The man who provided us with the following information requested us not to disclose his name, title, occupation, or workplace. Our source has given a written undertaking not to reveal details about his job, which obliges him to keep silent. However, his conscience is forcing him to speak out. Our source is acquainted with a secret report submitted by senior specialists to the state investigation commission after the Kursk disaster area was studied by the Academic Keldysh research vessel and the Mir I and Mir II deep sea craft.

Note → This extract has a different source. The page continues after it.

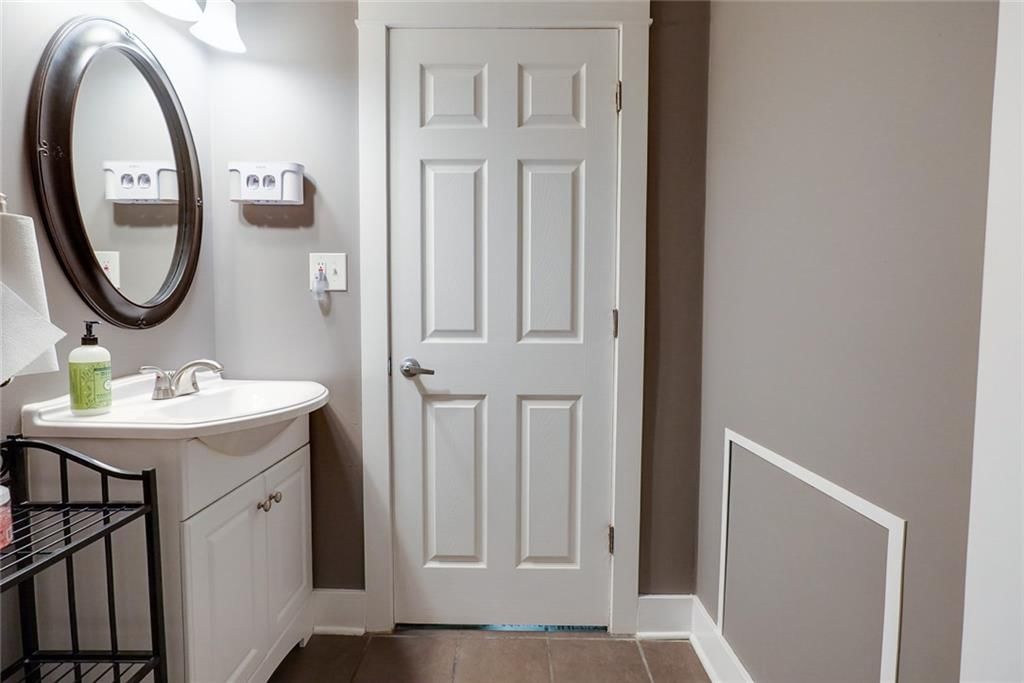 710 SW Brome Drive — photo 29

Russian seismological stations, as well as some in Norway and the US, registered a small explosion followed by a much stronger one in the Barents Sea on the morning of August 12, 2000. The location of the nuclear-powered submarine Kursk at the moment of the first explosion was known. It was there that the Mir vehicles later found fragments of a torpedo and the Kursk’s torpedo tube, and a number of other parts.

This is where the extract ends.